Simple HTML DOM is a PHP library that provides an easy way to manipulate HTML documents. It allows developers to parse HTML files and extract data from them, much like how a web browser would process HTML. The library offers a convenient way to find and manipulate elements within an HTML document using selectors similar to those in jQuery.
Simple HTML DOM is particularly useful for web scraping because it can handle poorly formatted HTML, which is common on the web, and provides a simple interface for accessing the DOM elements.
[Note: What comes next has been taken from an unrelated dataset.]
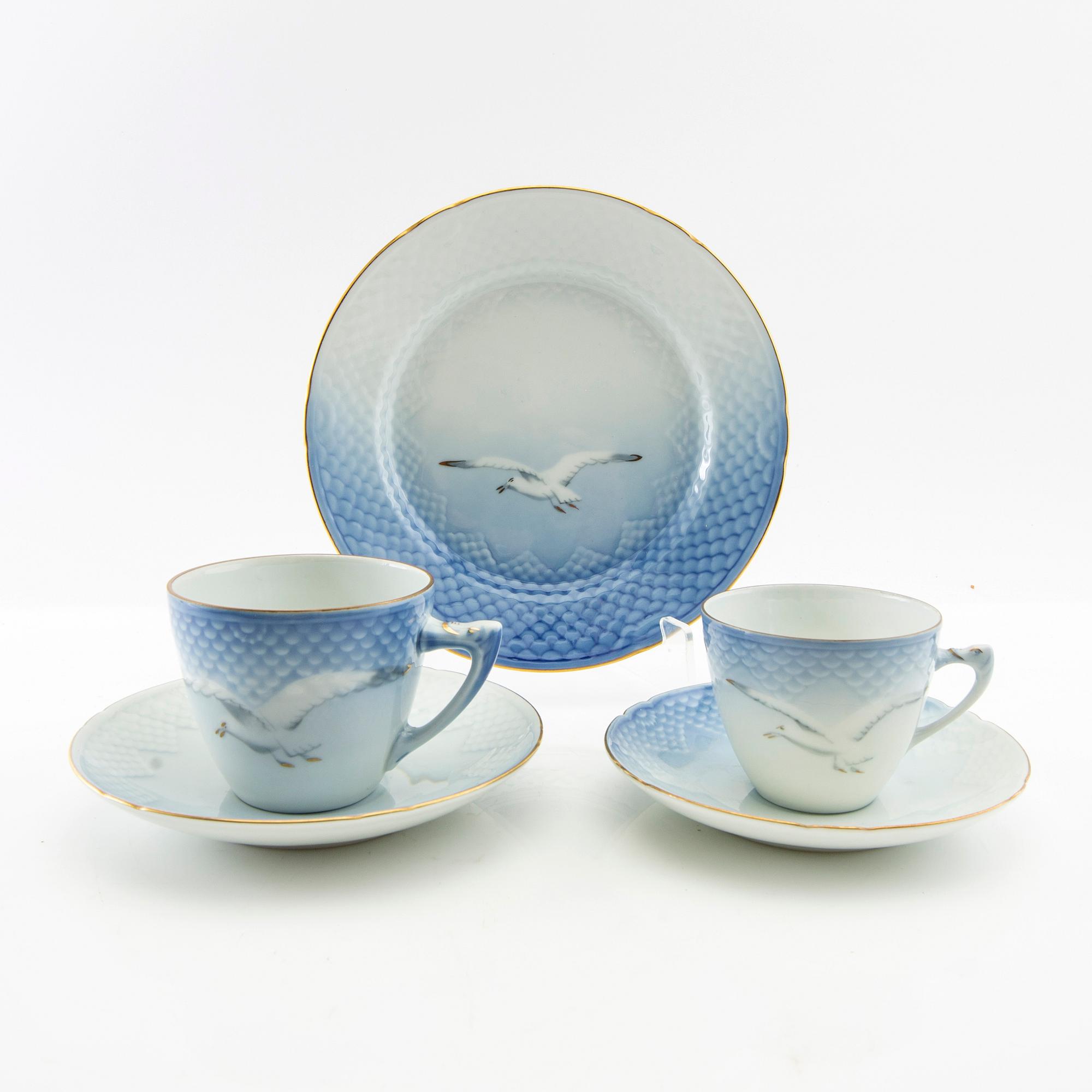 Kaffeservis 55 dlr "Måsen" porslin, Bing & Grøndahl, Danmark.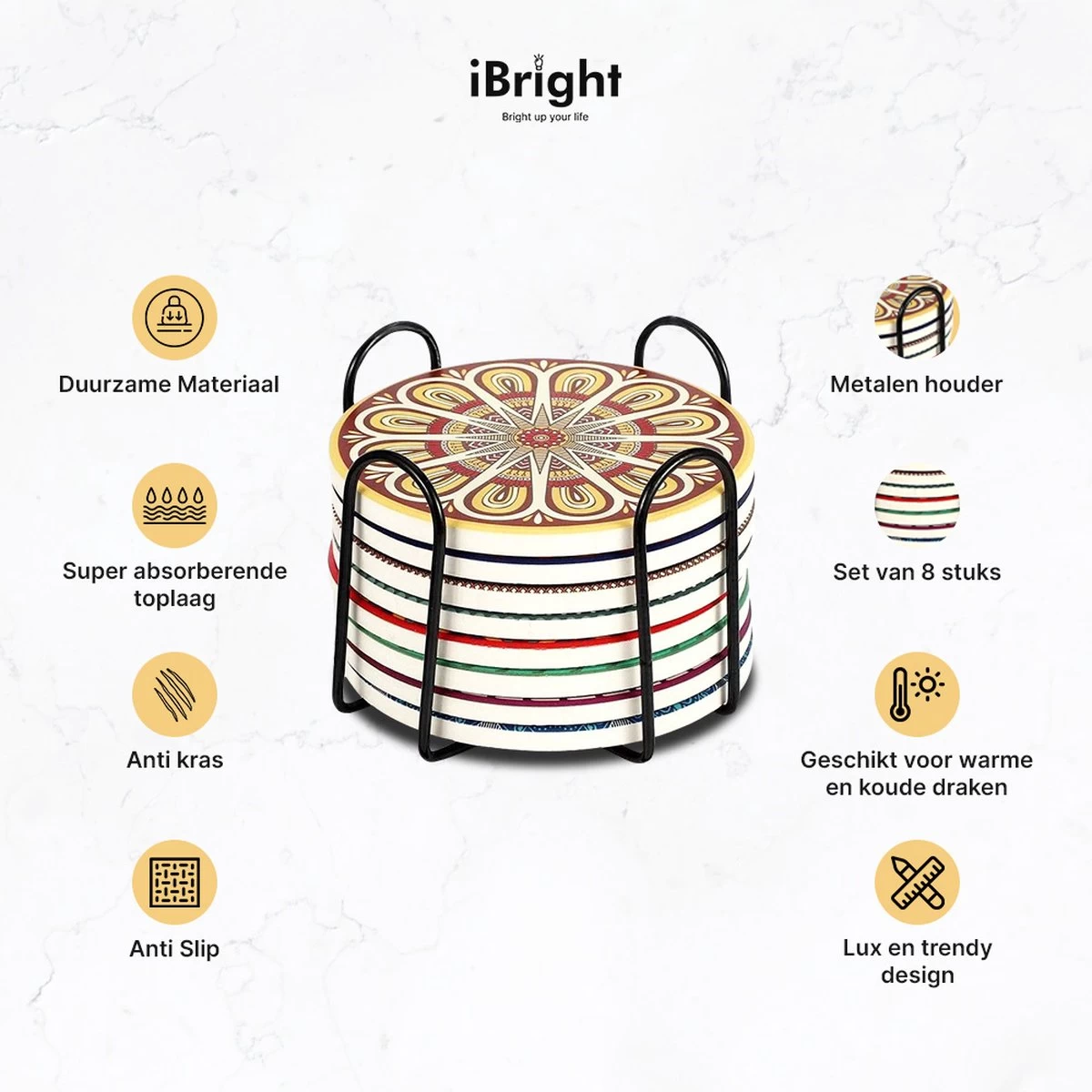 IBright Onderzetters Voor Glazen - Set Van 8 Met Houder - Rond - Bohemian - Oosterse - Mandala Design - Coasters 4 IBright Onderzetters Voor Glazen - Set Van 8 Met Houder - Rond - Bohemian - Oosterse - Mandala Design - Coasters - Afbeelding 4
Here's a basic example of how you might use Simple HTML DOM to scrape data from a webpage:
// First, include the Simple HTML DOM library
include('simple_html_dom.php');
// Create a DOM object from a URL
$html = file_get_html('http://example.com/');
// Find all images on a web page
foreach($html->find('img') as $element) {
echo $element->src . '<br>';
}
// Find all links with the class 'external'
foreach($html->find('a.external') as $element) {
echo $element->href . '<br>';
}
// Find the div with an id of 'main'
$mainDiv = $html->find('div#main', 0);
if ($mainDiv) {
echo $mainDiv->innertext;
}
// Clean up memory
$html->clear();
unset($html);
In this example, file_get_html
is a function provided by Simple HTML DOM that reads the webpage into a DOM object. You can then use the find
method to search for elements using CSS selectors. The find
method can return either an array of objects or a single object, and you can specify which you want with the second parameter.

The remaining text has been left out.